**PROBLEM TO SOLVE:**
Give back the whole listing exactly as written, pictures excluded.
----- RAW DATA -----
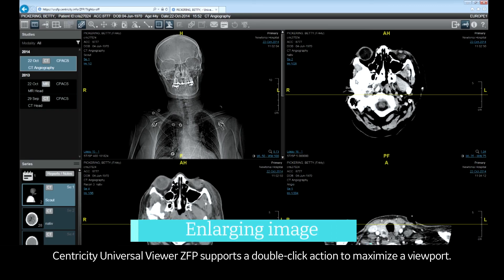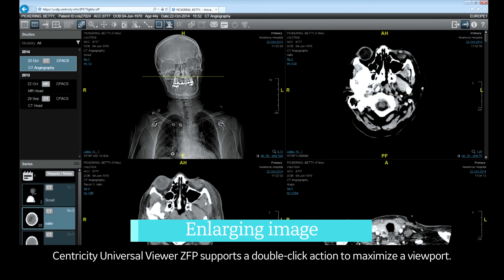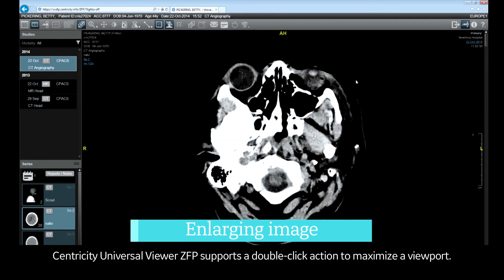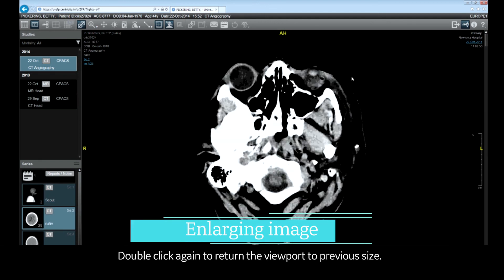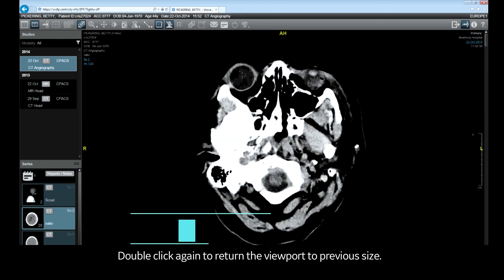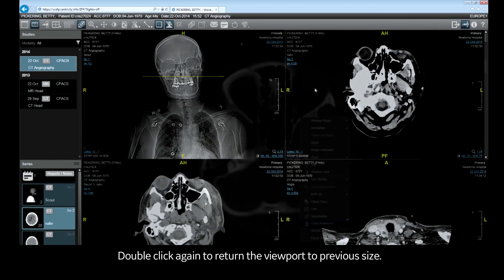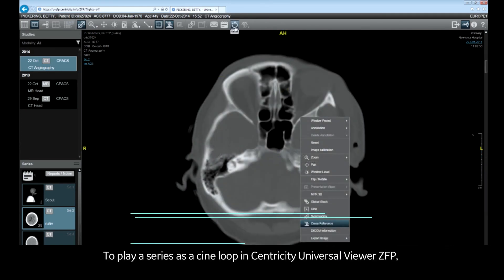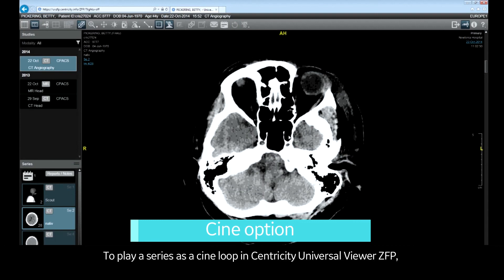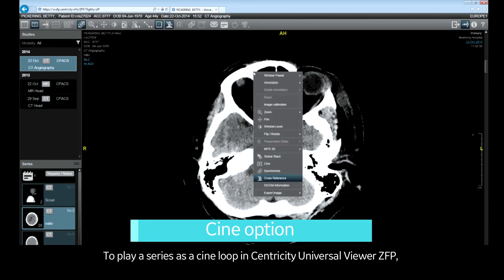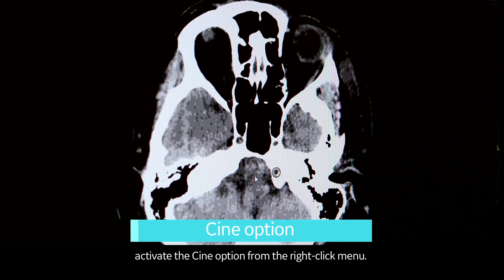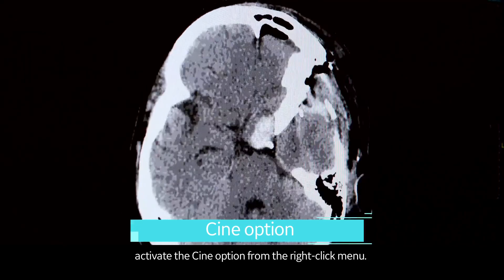Centricity Universal Viewer ZFP supports a double-click action to maximize the viewport. Double-click again to return the viewport to its previous size. To play a series as a CINE loop, activate the CINE option from the right-click menu.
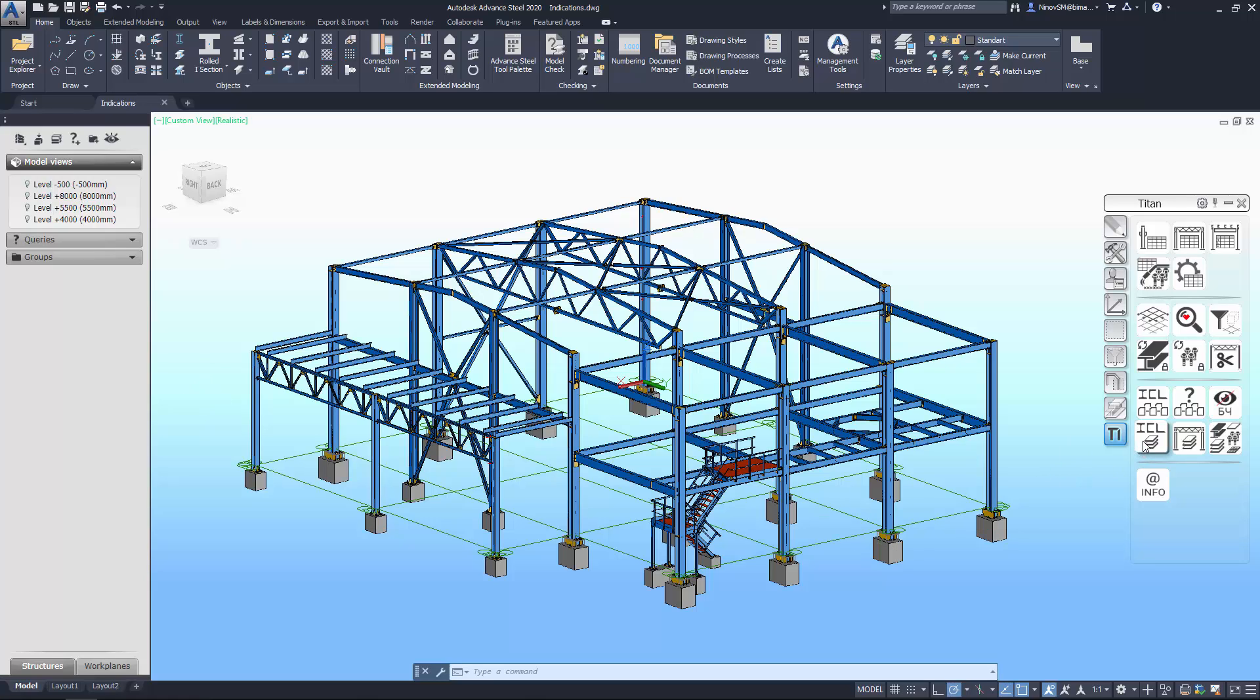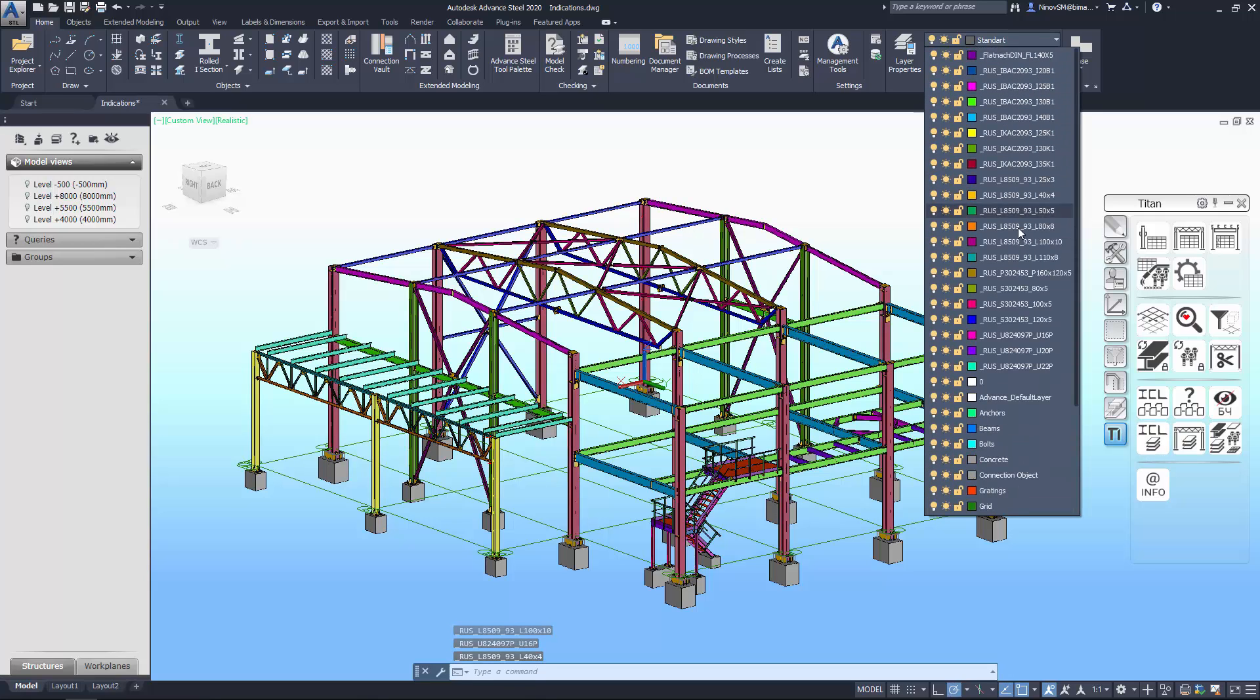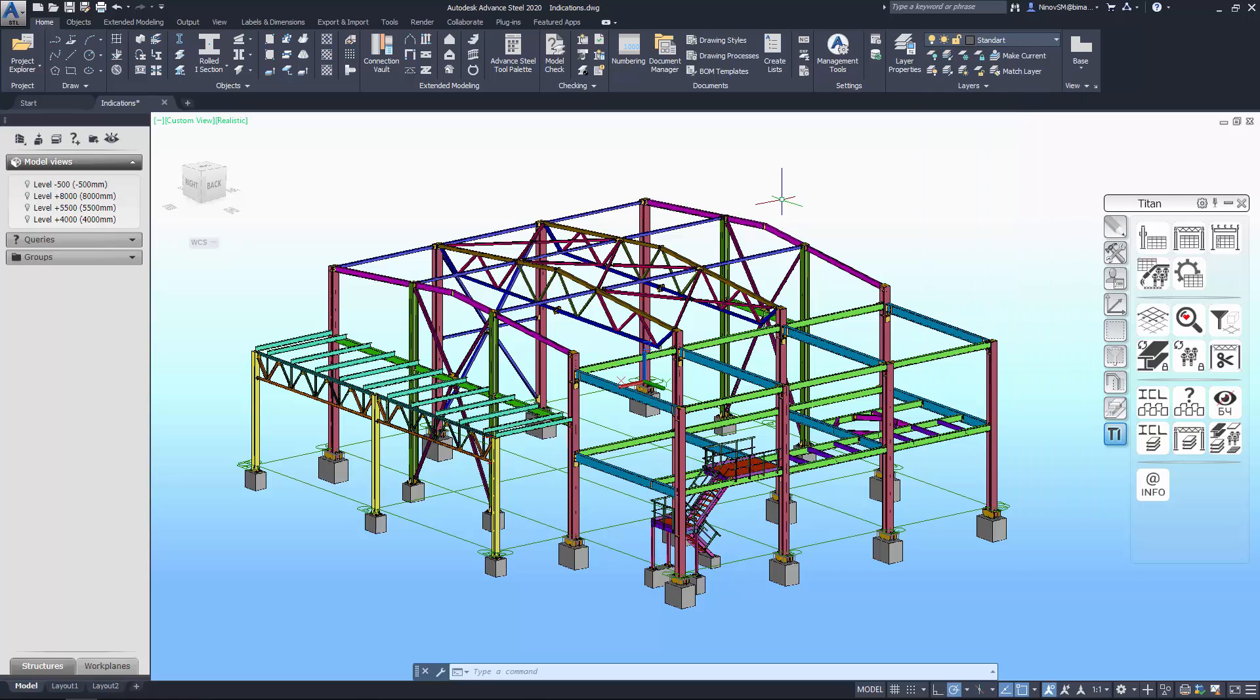Section by layers. You can distinguish different sections used in your model by layers and colors. Now every cross-section has its own layer. It makes the view more clear and this command is very useful after structural analysis.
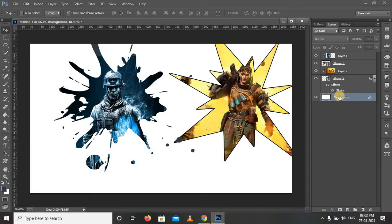Hello people, welcome back to 64-bit Telugu Gaming again. In this video, I will demonstrate how to use the Clipping Mask option.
-----
**RESPONSE FOR THIS EXERCISE:**
Centricity Universal Viewer ZFP supports a double-click action to maximize the viewport. Double-click again to return the viewport to its previous size. To play a series as a CINE loop, activate the CINE option from the right-click menu.
Section by layers. You can distinguish different sections used in your model by layers and colors. Now every cross-section has its own layer. It makes the view more clear and this command is very useful after structural analysis.
Hello people, welcome back to 64-bit Telugu Gaming again. In this video, I will demonstrate how to use the Clipping Mask option.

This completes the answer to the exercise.